Without using a SEP, the only way to move customer data from one team to another is to manually retrieve it, share it, and then manually re-enter it. This takes a lot of time and leaves a lot of room for errors that are inefficient and unsafe.

This creates a disruption, which means that data is trapped in various tools that are not communicating properly. SEPs break down these barriers between departments, connect tools and enable the necessary parties to access the data they need.

With all the data in one place, organizations can use analytics and A / B testing tools to tailor the best news to the needs of each industry and then share the results with those within the organization. This in turn enables a more targeted, account-based approach with clear, personalized messages for each account.

Adequate lead response

When a prospect shows interest, they’ll expect a response from sales or marketing almost immediately.
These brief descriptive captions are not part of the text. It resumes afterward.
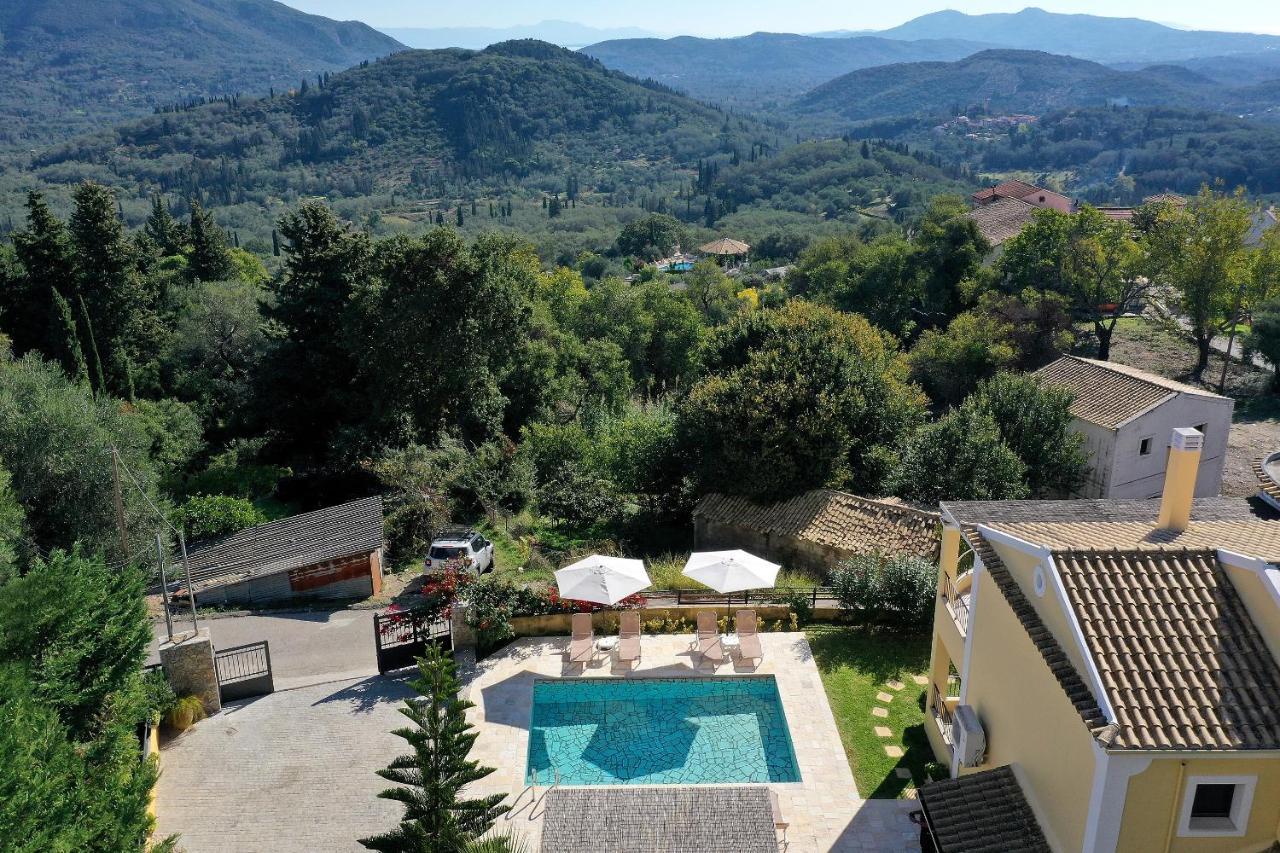 Infinity Villa Kato Pavliana エクステリア 写真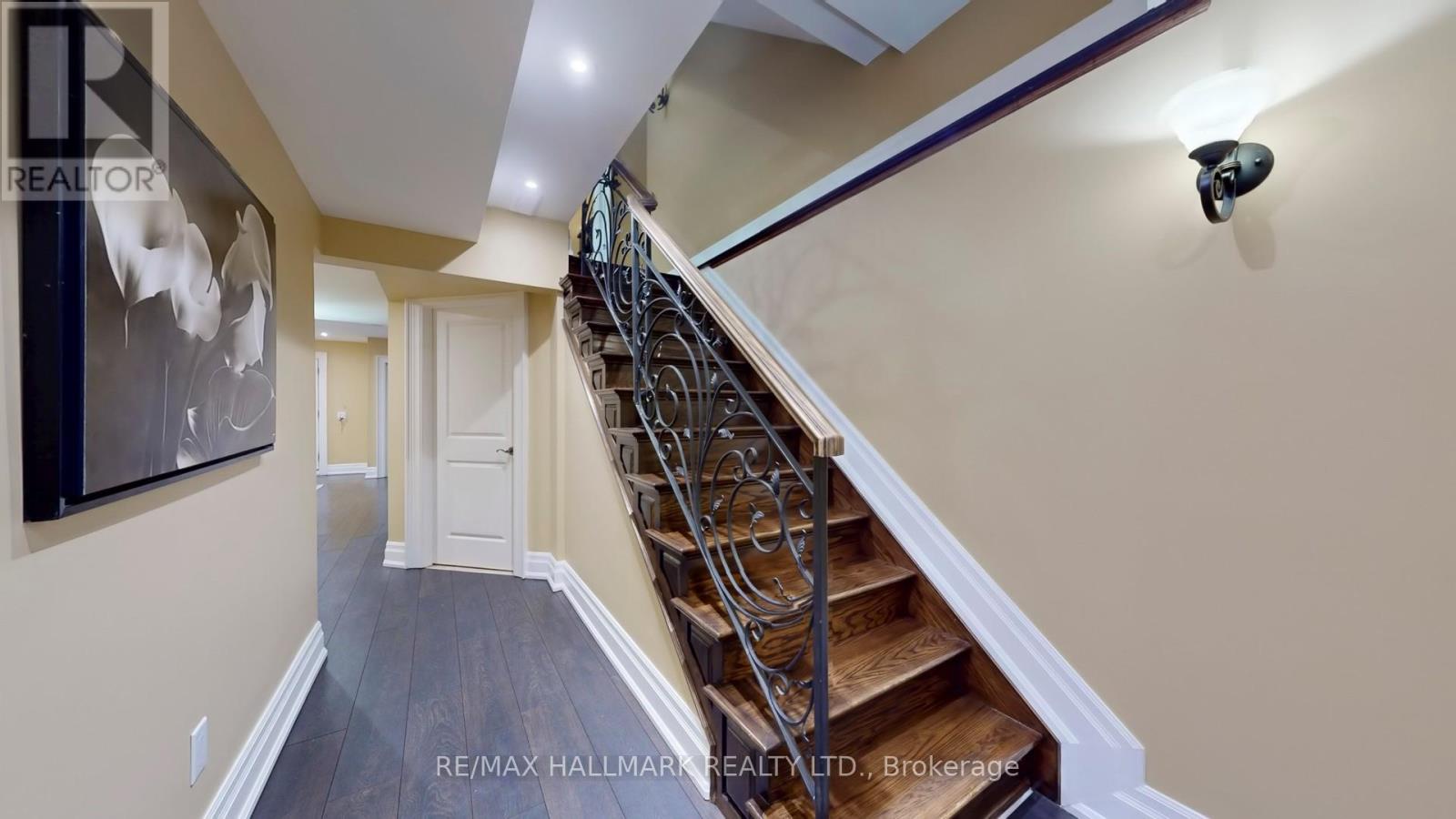 204 Maple Leaf Drive, Toronto (rustic), Ontario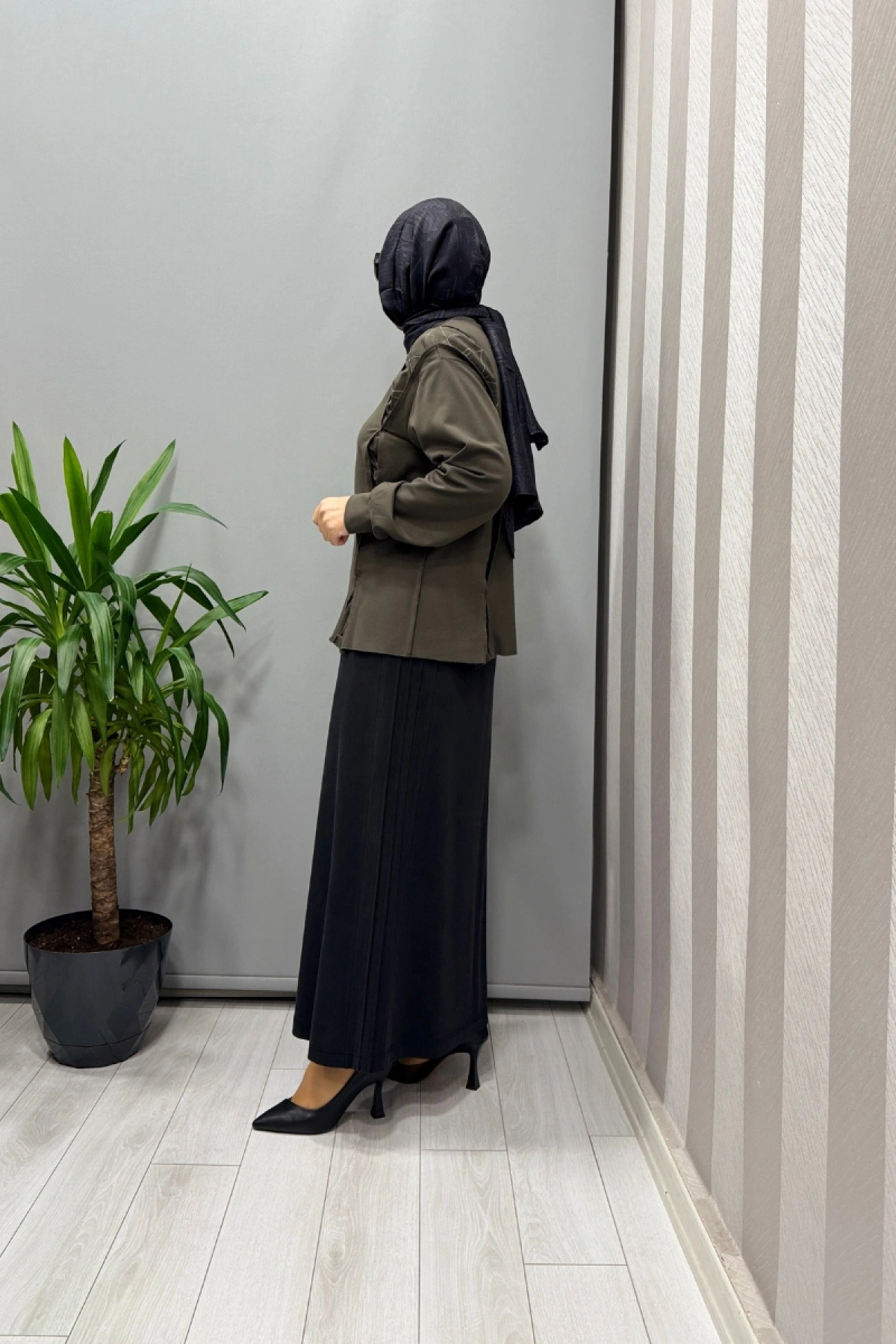 Sentez Yanı Nervürlü Etek Siyah 5461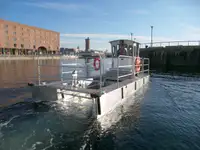 Konttilaiva myynnissä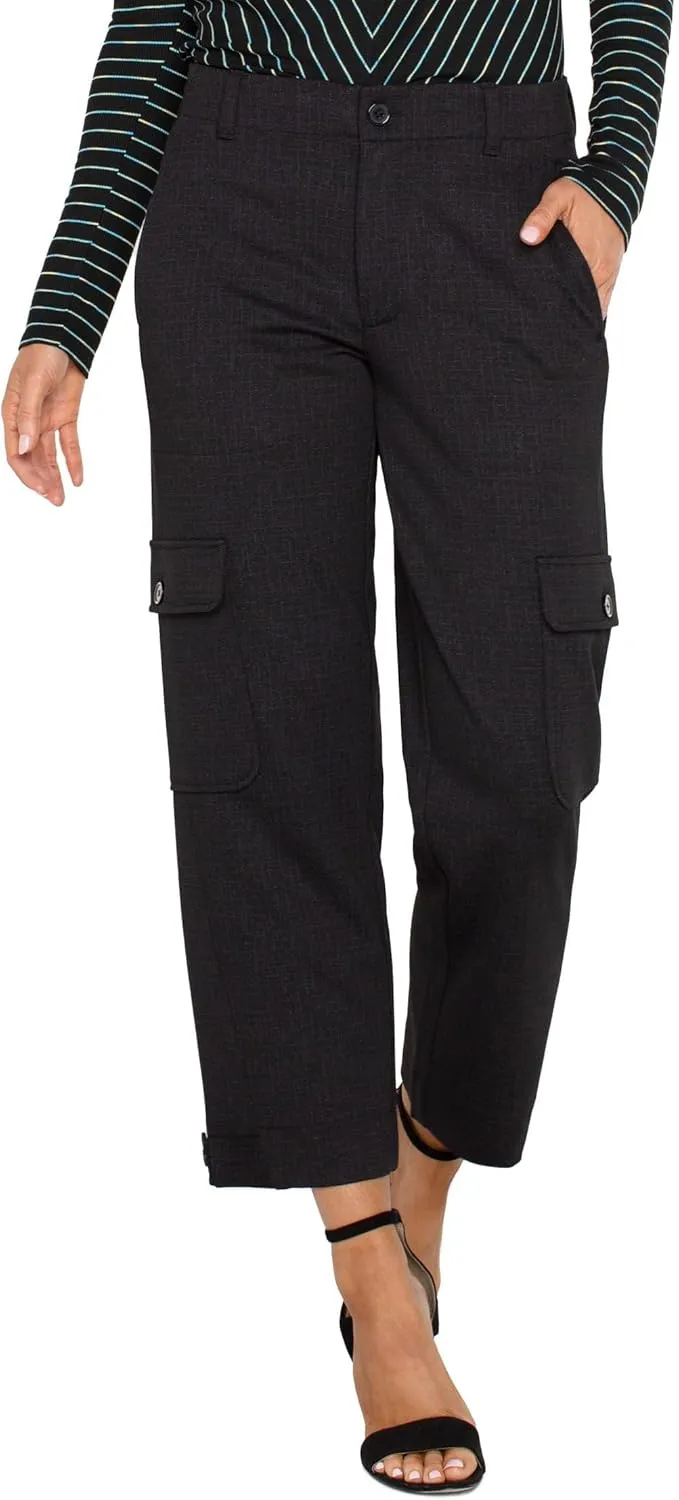 Liverpool Women's Utility Crop with Tab Hem Mid Rise Cosshatch Printed Knit in Black Crosshatch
Any delay can stall a sale, and traditional processes don’t allow for quick responses or a quick transition between marketing and sales.

A SEP ensures that the right employee is notified at the right time to contact management. They can also personalize the first few emails based on the data they have collected. This will set up triggers that put prospects in the correct automated order based on their activity.

This ensures that there is no delay between interest and contact, which enables a smooth buyer journey.

Perfectly timed messaging

The timing of your message and your touchpoints is vital throughout the customer journey because you want the prospect to get the response when they see it.

Machine learning, an integral part of SEPs, can be used to streamline this and enables companies to send perfectly timed, personalized messages and sequences.

An example is when employees receive an out-of-office reply: machine learning can be used to process this and schedule a personalized email for the second they come back. This way the salesperson can better manage their time and handle each lead in the most efficient way possible.

The best sales and marketing departments act like the winning team in an F1 race: perfectly coordinated, perfectly coordinated and everyone knows their roles. However, this can only happen if they have all the necessary components: the sales rep as the driver, the marketing team working at the speed of light as the pit and engineering team, and the SEP as the engine.

Tom Castley, Vice President of Sales at Outreach UK, heads the London office and has 20 years of experience supporting sales organizations in the European technology space.